Our family has been listening to Mia’s wishes for 3 years now… and her wishes have taken us everywhere! To meet celebrities like: Katy Perry, Why Don’t We, Robert Downey Jr. and Tom Holland. To Disney World: with fast passes for everything. To New York: for a Broadway experience. To England: to visit her best friend Maya whom she’s never met. To France: to see Paris. To Italy: To have the best pasta on the planet and see the Leaning Tower… the world was her oyster and she had a big decision to make! Of course we all have opinions and sure, we share how we feel, but ultimately it’s Mia’s Wish and CW gave her 5 years to dream big and make it.

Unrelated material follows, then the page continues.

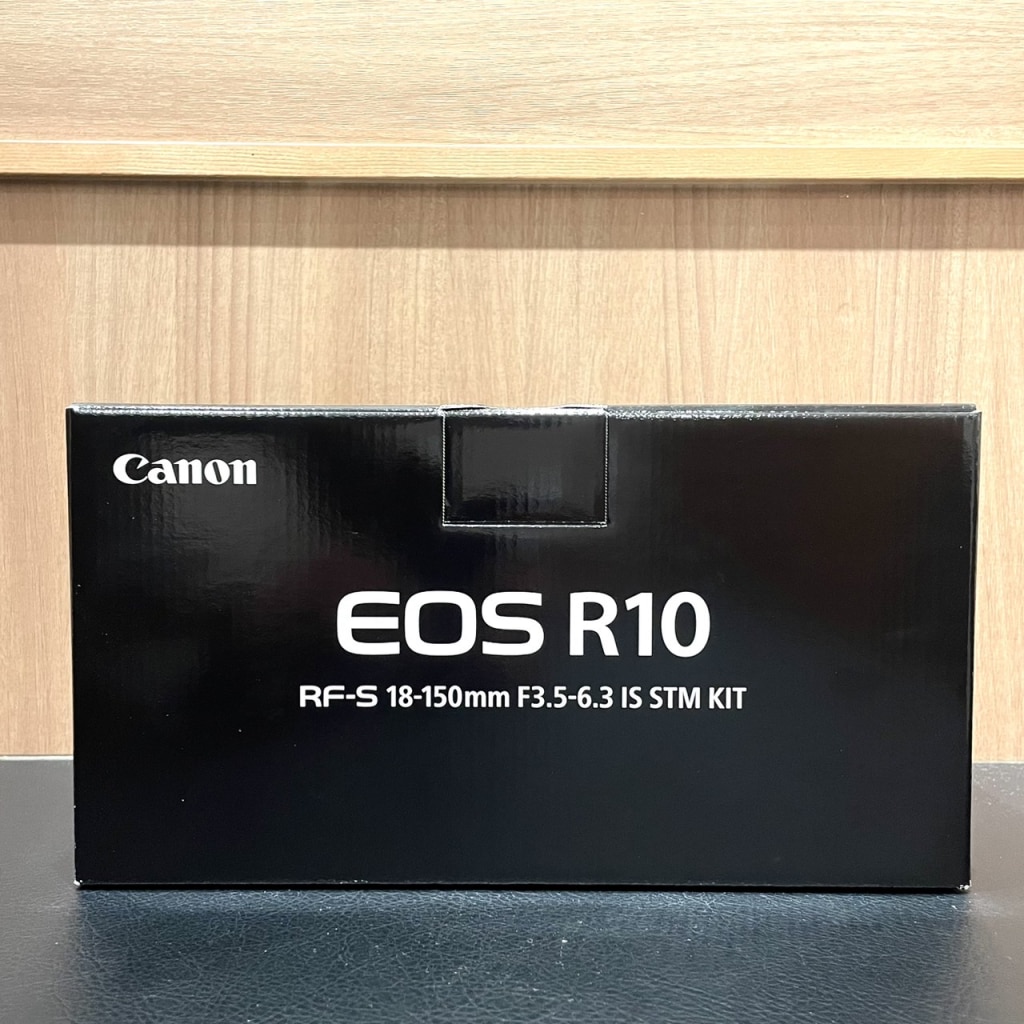キャノン EOS R10 RF-S 18-150ｍｍ F3.5-6.3 IS STM KIT ミラーレス一眼カメラ レンズキット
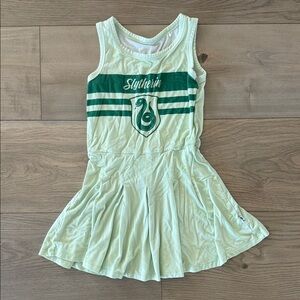 Slytherin Kids Pajama Nightgown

It’s probably a good thing that the Wish must be made within 5 years .. up until now I’m not sure I had really accepted that Mia was a Wish Kid… because in order to do that I’d also have to accept that she really IS quite sick aaand if I accept that then I’d also have to accept what happens if something doesn’t drastically change, and soon! aaand as much as I prefer to keep that box on the shelf… I can’t it there hide forever, right? The 5 year deadline made me take it down and look at it. 💔

To be completely honest, beginning this process was a lot for me to work up to.. harsh realities are funny that way … but sometimes the only thing to do is pull up your big girl panties, stare your reality in the face and just get ‘er done because you’re a grown-up and that’s what grown ups do (#Dammit 😉)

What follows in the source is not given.